#### Provided information:
*** Begin section ***
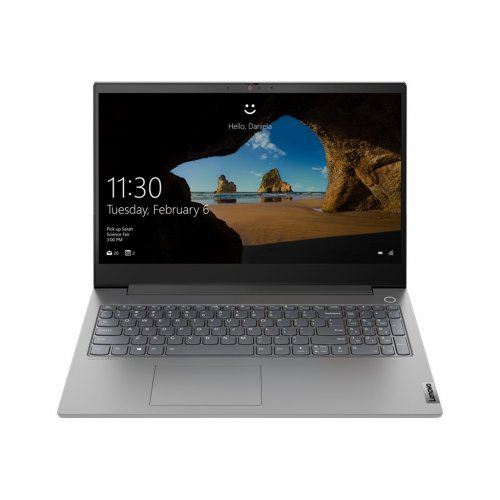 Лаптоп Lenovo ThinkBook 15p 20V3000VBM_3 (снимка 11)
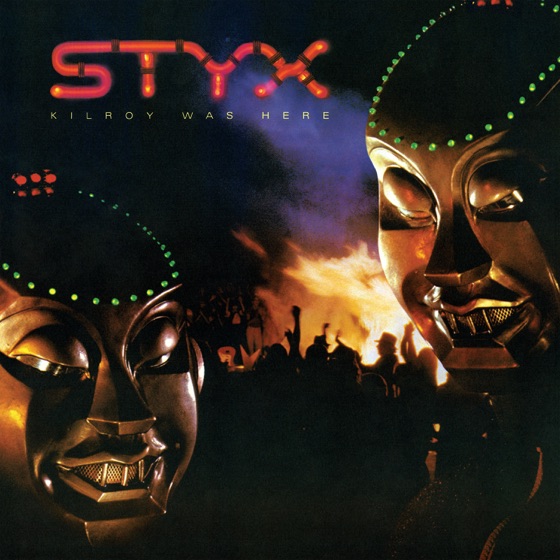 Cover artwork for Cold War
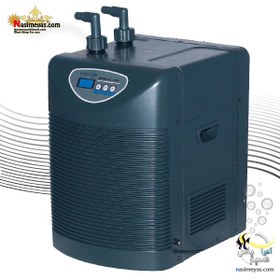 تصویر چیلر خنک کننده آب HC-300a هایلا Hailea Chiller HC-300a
*** End section ***
*** Begin section ***
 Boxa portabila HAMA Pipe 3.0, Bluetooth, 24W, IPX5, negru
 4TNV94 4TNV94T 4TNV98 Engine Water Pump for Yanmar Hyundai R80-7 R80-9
*** End section ***
Pictures excluded, give again exactly and only the lines of the material above from the line with "Лаптоп Lenovo ThinkBook" through the line with "تصویر چیلر خنک".

 Лаптоп Lenovo ThinkBook 15p 20V3000VBM_3 (снимка 11)
 Cover artwork for Cold War
 تصویر چیلر خنک کننده آب HC-300a هایلا Hailea Chiller HC-300a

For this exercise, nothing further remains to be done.